What you need to do:
What is needed is a verbatim copy of the data, minus the pictures.

Data section:
____________
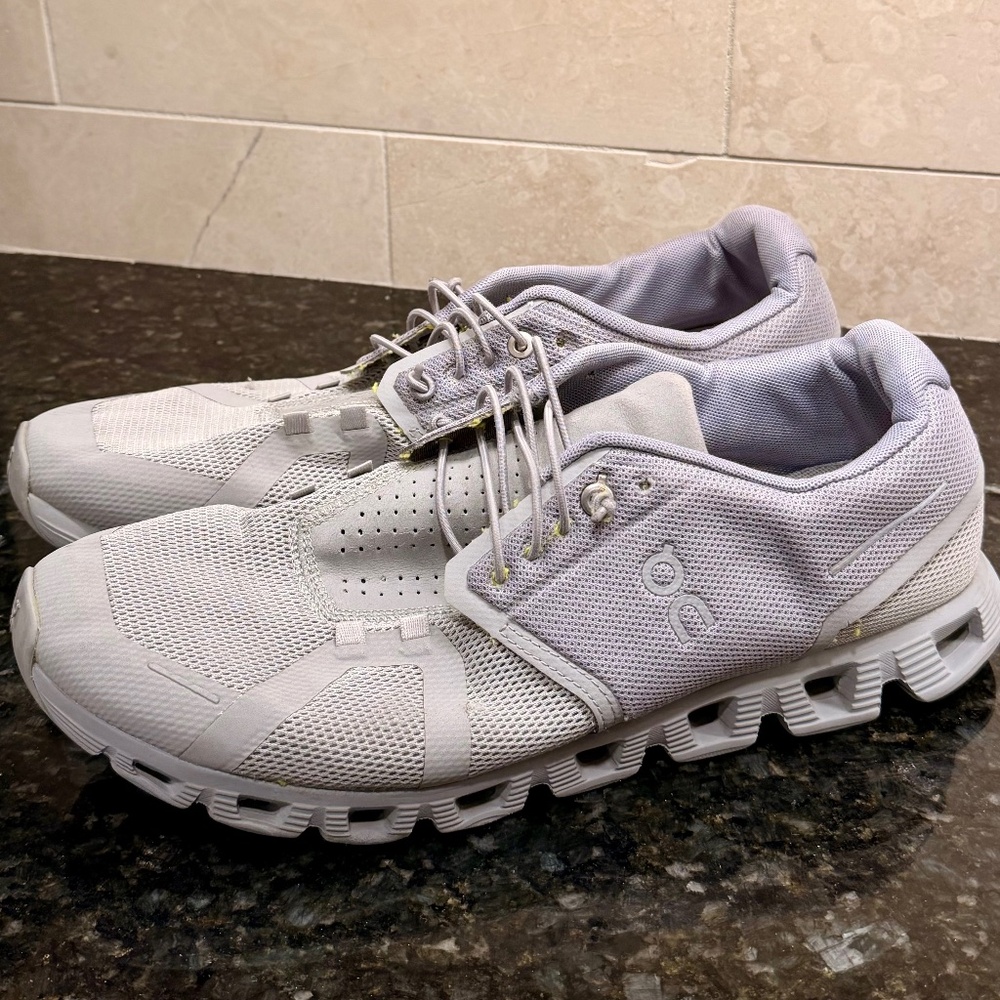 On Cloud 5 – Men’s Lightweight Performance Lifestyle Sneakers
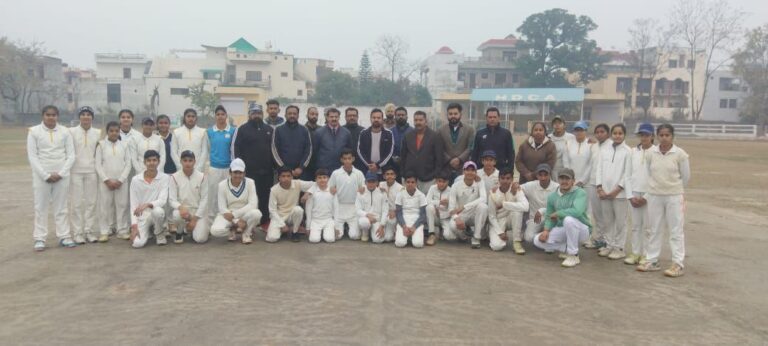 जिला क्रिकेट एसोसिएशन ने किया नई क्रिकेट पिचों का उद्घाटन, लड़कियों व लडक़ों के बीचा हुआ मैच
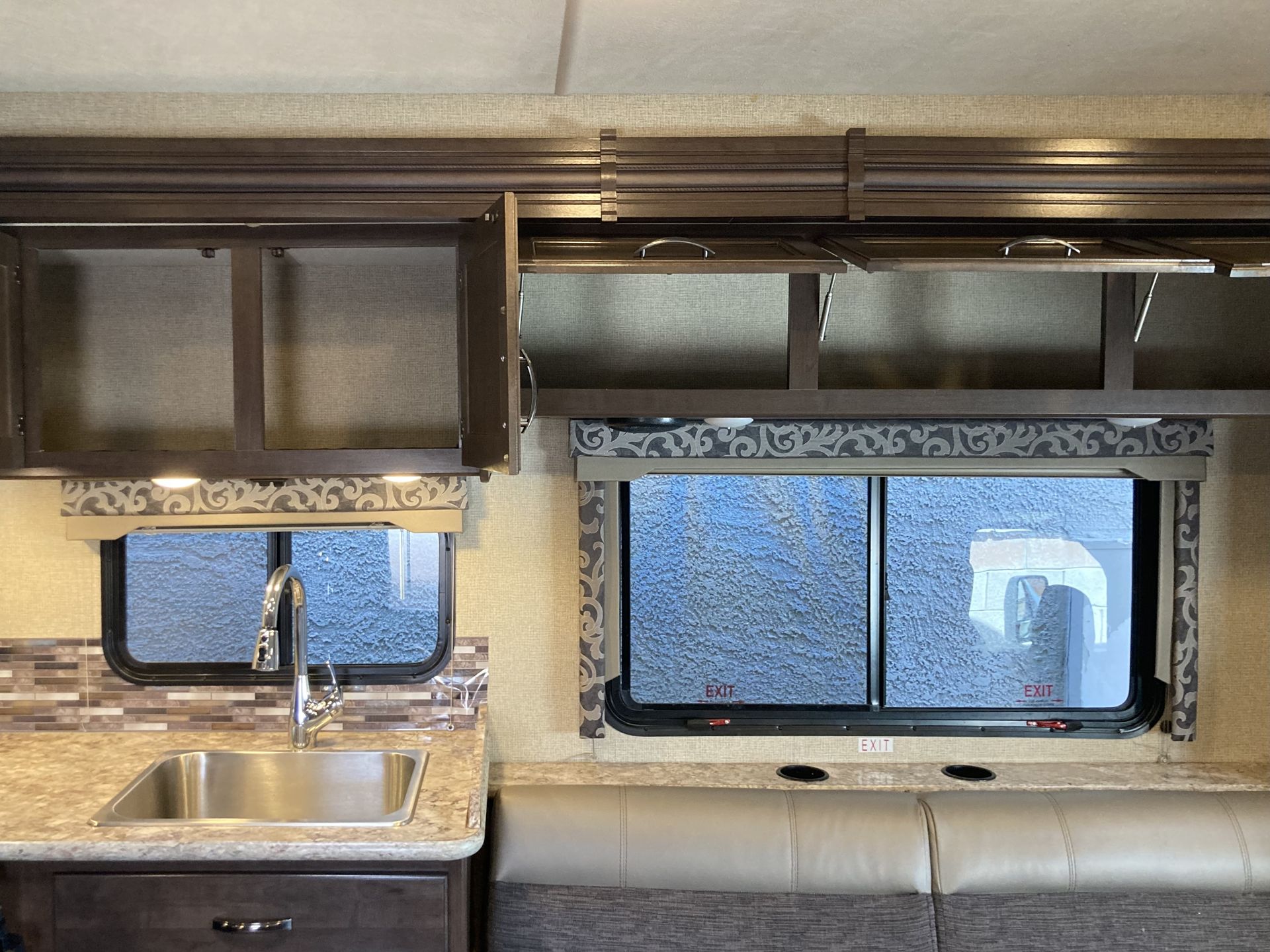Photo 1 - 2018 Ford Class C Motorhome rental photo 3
____________
Answer space:
 On Cloud 5 – Men’s Lightweight Performance Lifestyle Sneakers
 जिला क्रिकेट एसोसिएशन ने किया नई क्रिकेट पिचों का उद्घाटन, लड़कियों व लडक़ों के बीचा हुआ मैच
Photo 1 - 2018 Ford Class C Motorhome rental photo 3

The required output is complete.